[The task]
All lines of the records below that contain the word "What" must be listed.

[Data provided]
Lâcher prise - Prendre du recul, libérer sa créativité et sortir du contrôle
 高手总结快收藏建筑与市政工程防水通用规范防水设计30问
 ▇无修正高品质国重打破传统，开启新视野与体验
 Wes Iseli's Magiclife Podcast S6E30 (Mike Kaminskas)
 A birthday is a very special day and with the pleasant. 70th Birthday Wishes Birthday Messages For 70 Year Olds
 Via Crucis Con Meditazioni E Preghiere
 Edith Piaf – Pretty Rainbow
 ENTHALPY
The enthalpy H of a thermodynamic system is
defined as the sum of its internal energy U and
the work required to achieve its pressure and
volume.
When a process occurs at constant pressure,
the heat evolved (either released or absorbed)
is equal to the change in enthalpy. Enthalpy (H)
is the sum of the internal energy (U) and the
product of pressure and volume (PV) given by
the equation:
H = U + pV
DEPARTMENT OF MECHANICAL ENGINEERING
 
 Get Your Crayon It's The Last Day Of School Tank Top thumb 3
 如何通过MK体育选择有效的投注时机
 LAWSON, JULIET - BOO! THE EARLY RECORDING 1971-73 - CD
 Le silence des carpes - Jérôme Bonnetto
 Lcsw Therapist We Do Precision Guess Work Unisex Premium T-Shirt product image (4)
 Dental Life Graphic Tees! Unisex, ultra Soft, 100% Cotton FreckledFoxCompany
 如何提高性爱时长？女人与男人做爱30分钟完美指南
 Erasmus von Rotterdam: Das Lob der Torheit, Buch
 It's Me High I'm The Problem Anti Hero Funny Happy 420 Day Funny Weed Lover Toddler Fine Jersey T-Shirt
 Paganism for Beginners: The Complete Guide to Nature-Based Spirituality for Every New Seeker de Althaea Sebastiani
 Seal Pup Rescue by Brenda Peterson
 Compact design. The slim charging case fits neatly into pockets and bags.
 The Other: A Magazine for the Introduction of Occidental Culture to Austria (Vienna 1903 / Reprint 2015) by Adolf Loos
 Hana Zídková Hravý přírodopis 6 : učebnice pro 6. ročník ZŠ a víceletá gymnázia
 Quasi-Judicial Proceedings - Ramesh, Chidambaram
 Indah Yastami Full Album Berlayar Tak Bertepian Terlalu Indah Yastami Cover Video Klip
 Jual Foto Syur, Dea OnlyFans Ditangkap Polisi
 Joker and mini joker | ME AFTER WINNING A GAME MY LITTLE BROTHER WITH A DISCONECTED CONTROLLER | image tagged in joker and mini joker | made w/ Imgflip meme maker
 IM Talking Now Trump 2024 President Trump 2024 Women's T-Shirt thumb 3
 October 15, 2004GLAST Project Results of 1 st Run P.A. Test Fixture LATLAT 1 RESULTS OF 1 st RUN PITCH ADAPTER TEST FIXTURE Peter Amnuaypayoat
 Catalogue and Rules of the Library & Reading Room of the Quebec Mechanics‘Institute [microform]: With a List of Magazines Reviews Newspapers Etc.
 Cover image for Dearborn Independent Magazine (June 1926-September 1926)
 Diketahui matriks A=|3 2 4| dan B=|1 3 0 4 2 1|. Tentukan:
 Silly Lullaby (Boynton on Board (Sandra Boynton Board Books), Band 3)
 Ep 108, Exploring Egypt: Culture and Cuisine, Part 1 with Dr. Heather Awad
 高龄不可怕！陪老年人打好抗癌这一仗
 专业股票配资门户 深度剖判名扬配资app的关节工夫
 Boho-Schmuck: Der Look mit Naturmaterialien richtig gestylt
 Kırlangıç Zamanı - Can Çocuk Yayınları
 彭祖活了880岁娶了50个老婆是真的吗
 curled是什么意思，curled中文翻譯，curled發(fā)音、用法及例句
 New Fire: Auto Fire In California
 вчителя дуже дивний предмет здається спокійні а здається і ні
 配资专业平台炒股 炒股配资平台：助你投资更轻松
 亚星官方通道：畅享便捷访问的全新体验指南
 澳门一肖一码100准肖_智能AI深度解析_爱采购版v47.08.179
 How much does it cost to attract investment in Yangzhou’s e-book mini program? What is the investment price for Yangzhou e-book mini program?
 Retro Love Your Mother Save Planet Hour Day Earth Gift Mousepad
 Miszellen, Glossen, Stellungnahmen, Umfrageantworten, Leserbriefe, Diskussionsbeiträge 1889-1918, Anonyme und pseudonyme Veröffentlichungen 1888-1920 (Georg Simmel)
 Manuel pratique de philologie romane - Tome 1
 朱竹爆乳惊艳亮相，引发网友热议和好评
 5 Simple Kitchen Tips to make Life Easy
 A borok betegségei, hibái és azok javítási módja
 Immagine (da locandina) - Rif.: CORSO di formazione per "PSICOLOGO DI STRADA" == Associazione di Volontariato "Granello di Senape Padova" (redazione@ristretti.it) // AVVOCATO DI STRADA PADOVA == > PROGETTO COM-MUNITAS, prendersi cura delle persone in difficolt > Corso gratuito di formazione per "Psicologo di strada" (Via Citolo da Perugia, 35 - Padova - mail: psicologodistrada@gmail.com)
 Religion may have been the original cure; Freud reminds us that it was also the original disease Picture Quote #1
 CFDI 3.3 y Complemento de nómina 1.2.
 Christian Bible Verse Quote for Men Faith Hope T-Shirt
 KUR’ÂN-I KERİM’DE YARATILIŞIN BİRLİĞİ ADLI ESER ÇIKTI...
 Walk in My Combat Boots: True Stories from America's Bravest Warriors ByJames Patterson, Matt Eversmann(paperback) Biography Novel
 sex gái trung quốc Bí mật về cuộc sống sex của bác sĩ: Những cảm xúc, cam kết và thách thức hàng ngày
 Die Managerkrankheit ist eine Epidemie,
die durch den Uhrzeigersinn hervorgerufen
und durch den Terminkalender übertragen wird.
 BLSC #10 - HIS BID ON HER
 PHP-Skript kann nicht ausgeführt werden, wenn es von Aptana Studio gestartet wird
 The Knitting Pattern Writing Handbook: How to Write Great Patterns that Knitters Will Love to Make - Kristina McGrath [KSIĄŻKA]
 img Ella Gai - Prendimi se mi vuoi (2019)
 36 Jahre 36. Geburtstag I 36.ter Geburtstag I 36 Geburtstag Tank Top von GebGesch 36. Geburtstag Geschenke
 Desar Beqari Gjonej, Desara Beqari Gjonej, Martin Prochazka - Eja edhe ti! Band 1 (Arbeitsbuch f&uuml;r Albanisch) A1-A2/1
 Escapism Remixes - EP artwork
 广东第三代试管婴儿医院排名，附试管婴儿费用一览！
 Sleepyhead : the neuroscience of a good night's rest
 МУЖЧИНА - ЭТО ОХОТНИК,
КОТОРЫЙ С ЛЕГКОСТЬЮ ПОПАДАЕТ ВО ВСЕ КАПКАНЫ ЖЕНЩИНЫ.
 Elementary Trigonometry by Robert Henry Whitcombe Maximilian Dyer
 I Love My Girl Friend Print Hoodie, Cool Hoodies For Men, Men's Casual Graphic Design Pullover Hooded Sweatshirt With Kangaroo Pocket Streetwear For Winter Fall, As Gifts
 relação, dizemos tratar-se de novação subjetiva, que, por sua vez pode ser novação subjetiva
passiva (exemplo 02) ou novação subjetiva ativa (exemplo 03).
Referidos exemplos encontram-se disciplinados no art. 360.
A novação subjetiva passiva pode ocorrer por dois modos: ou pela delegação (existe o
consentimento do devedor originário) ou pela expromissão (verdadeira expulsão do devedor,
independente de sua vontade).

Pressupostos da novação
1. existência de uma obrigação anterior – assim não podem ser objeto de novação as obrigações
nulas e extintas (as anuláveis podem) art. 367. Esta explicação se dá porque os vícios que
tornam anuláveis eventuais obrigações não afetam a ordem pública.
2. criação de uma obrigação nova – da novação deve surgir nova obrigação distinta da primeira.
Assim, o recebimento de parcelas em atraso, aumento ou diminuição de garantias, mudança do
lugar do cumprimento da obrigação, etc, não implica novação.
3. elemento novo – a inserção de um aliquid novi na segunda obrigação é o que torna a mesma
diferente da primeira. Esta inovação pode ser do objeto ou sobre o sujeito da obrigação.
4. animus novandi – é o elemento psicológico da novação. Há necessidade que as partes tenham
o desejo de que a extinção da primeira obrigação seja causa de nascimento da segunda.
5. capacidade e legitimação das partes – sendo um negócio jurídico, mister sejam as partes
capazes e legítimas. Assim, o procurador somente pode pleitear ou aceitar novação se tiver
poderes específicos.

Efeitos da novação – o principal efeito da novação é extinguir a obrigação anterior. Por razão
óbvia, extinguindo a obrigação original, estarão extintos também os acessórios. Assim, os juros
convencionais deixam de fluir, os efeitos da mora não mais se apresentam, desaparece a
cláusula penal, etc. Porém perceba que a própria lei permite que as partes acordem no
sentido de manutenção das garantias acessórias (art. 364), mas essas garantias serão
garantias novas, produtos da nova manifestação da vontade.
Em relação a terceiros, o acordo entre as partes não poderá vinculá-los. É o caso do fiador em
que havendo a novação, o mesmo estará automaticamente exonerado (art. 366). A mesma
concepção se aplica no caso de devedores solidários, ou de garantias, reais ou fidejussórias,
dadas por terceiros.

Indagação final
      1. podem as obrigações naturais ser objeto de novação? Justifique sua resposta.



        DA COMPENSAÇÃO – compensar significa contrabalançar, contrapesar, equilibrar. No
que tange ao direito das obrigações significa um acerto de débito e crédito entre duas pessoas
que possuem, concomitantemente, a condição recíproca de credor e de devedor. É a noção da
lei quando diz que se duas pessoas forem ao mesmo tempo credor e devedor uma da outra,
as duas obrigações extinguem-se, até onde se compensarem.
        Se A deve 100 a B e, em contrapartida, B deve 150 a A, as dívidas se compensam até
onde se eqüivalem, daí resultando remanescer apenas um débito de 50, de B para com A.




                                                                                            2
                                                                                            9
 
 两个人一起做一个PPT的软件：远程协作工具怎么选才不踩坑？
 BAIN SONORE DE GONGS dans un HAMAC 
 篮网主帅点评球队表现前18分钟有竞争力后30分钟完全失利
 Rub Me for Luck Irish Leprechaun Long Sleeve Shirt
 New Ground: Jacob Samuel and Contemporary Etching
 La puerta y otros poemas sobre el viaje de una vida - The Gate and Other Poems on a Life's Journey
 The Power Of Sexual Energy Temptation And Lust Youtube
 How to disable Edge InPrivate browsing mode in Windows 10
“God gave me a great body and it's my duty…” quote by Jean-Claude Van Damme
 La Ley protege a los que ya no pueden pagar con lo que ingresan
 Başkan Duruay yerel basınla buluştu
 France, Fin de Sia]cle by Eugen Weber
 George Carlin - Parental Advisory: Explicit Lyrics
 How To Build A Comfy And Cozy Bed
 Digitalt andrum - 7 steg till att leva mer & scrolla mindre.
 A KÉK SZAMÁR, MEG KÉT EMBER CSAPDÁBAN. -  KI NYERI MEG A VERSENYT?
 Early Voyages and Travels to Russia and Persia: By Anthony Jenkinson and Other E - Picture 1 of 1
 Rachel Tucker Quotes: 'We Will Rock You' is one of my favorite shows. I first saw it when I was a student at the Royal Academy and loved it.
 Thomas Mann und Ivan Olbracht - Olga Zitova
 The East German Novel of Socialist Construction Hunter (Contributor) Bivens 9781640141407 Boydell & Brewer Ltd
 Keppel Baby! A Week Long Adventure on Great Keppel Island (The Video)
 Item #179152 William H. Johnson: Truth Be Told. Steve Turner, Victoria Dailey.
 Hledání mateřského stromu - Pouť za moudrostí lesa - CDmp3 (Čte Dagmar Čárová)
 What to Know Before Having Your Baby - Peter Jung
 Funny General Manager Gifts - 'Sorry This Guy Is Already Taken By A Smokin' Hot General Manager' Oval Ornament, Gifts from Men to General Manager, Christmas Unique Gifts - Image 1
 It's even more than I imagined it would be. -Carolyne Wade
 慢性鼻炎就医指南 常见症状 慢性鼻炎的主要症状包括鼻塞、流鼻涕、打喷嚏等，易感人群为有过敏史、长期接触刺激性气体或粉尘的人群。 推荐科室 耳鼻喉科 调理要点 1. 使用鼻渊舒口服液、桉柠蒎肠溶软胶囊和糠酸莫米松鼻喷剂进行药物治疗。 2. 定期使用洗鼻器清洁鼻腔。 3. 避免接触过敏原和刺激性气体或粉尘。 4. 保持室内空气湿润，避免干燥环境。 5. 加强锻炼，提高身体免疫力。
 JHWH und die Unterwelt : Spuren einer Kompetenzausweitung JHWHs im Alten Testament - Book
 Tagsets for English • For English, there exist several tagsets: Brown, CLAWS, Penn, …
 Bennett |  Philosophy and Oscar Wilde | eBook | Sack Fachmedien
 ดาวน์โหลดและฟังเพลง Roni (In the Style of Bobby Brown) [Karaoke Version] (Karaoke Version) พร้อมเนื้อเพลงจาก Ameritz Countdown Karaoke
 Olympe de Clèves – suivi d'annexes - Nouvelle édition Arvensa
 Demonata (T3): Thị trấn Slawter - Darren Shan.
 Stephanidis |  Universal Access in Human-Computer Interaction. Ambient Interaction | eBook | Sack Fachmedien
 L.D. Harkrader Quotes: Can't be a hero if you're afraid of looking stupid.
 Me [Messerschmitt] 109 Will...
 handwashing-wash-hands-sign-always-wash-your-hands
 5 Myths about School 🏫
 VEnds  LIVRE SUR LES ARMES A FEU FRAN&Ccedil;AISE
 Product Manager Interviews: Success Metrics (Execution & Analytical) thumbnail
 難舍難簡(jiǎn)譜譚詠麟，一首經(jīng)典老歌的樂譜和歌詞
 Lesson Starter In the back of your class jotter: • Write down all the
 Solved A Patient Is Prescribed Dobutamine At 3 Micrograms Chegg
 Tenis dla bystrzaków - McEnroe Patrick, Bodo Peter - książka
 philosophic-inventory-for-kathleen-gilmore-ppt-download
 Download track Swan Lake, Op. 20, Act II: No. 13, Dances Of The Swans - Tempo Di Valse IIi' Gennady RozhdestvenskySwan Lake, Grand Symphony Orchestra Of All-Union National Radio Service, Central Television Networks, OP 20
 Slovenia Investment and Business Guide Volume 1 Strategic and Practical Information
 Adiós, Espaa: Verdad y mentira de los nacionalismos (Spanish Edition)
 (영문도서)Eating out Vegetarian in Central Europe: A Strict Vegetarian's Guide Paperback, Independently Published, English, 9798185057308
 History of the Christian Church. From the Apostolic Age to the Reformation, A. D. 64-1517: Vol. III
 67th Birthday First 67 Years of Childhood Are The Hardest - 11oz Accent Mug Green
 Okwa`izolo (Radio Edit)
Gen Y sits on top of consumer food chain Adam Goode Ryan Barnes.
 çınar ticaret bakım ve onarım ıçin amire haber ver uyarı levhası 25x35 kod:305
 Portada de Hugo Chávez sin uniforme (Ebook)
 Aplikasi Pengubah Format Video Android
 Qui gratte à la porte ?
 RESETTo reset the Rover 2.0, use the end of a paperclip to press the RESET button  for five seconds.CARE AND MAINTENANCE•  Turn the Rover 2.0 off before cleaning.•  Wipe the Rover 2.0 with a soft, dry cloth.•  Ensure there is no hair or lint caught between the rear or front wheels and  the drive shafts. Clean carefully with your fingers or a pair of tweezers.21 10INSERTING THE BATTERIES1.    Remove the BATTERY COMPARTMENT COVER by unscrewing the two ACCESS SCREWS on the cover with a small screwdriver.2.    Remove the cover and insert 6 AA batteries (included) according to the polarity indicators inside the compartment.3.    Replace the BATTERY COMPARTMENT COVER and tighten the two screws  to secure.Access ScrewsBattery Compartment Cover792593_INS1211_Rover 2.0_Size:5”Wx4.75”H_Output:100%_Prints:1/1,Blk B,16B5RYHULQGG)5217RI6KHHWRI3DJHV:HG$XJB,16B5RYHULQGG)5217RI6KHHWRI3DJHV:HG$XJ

[Output below]
 How much does it cost to attract investment in Yangzhou’s e-book mini program? What is the investment price for Yangzhou e-book mini program?
 What to Know Before Having Your Baby - Peter Jung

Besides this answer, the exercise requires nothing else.